Opinion

Opinion

An Age of Demoralizing Debt

The number itself is daunting: $1 trillion in student debt. That means there is more student debt than credit-card debt in the U.S. And that the amount of student debt in this country is in the realm of the GDP of such nations as South Korea, Mexico, and Australia.
This issue has the potential to fray our social fabric. The Occupy Wall Street protests inspired the Occupy Student Debt campaign, which has been asking 1 million students nationwide to pledge not to repay their student loans. This is a lose-lose proposition — one with potentially harrowing long-term financial implications for anyone who might follow this course — and it’s for the better that the Occupy Student Debt pledge has not caught on.
Yet the basic impulse is entirely understandable. There was a time in the not-too-distant past when student debt didn’t exist. When I went to college in the 1960s, students could pay for a college education without borrowing. College costs were low enough that a family contribution and a summer or part-time job got you through. You graduated with a degree — not with a payment plan.
As an educator, I have spent my entire career at public universities. When I was a young chemistry professor at Towson University in Maryland in the 1970s, a shared-responsibility social contract prevailed in the world of public higher education. Government funded about 70% of the cost of education, and students and families came up with the remaining 30%. Students graduated with little or no debt.
This shared-responsibility model acknowledged that earning a college degree benefited the student but also paid great social and economic dividends for communities, states, and the nation.
Today, that funding model has changed considerably.
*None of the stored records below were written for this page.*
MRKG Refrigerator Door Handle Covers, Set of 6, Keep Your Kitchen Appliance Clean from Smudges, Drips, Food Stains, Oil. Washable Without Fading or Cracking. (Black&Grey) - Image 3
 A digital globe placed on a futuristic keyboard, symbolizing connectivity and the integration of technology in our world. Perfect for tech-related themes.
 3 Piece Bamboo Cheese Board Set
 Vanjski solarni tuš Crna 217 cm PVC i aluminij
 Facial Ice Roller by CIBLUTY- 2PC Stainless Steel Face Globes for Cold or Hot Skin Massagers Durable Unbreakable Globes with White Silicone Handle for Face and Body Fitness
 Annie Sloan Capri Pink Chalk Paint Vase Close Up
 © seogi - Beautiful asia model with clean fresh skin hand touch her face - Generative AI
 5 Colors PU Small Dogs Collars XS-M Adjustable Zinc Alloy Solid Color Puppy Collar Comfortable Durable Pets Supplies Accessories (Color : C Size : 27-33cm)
Nationally, the split is now closer to 50-50; the public subsidy and tuition dollars are roughly equal. The reason for this ominous change is clear: decreased funding by states has shifted more of the burden to the student.
In Massachusetts, the shift is even more acute. A decade ago the Commonwealth provided 63% of the funding for general education expenses at UMass. This year the state is providing 45%; students and their parents are on the hook for 55%.
So we have gone from the days when students took on no debt, moved through a period of ‘manageable debt,’ and now stand poised at the edge of an era of destabilizing, demoralizing debt. UMass students now graduate, on average, with $24,000 in debt, up from $14,000 only four years ago. At private universities, where education costs are two and a half times what they are at public universities, the debt story is even more daunting. How do we fix this major national problem?
There is no easy fix. But there are steps that, taken together, could put us back on a sustainable course.
For one, the 50 states need to make their public universities and colleges a higher priority. Next year is the 150th anniversary of the Morrill Act, which led to the creation of UMass and the vast expansion of public higher education nationwide. States should mark the occasion by rededicating themselves to the public institutions that have educated millions of citizens over the years and that drive the national economy.
The federal government should do its part by providing more grant aid to students — a step that would benefit public and private institutions alike.
We in higher education need to step up by reducing administrative and academic costs. We also need to make sure that students graduate in four years — eliminating the need for more loans and more debt.
While ‘crisis’ is a greatly overused word, its use is completely warranted in this instance. While organized default is not a good option, we do need to take a number of imaginative and purposeful steps to make sure that the student-debt storm does not batter our economy and our society. We need to keep our bridge to the future — our educational bridge — open wide for all citizens. v

Robert Caret is president of the University of Massachusetts.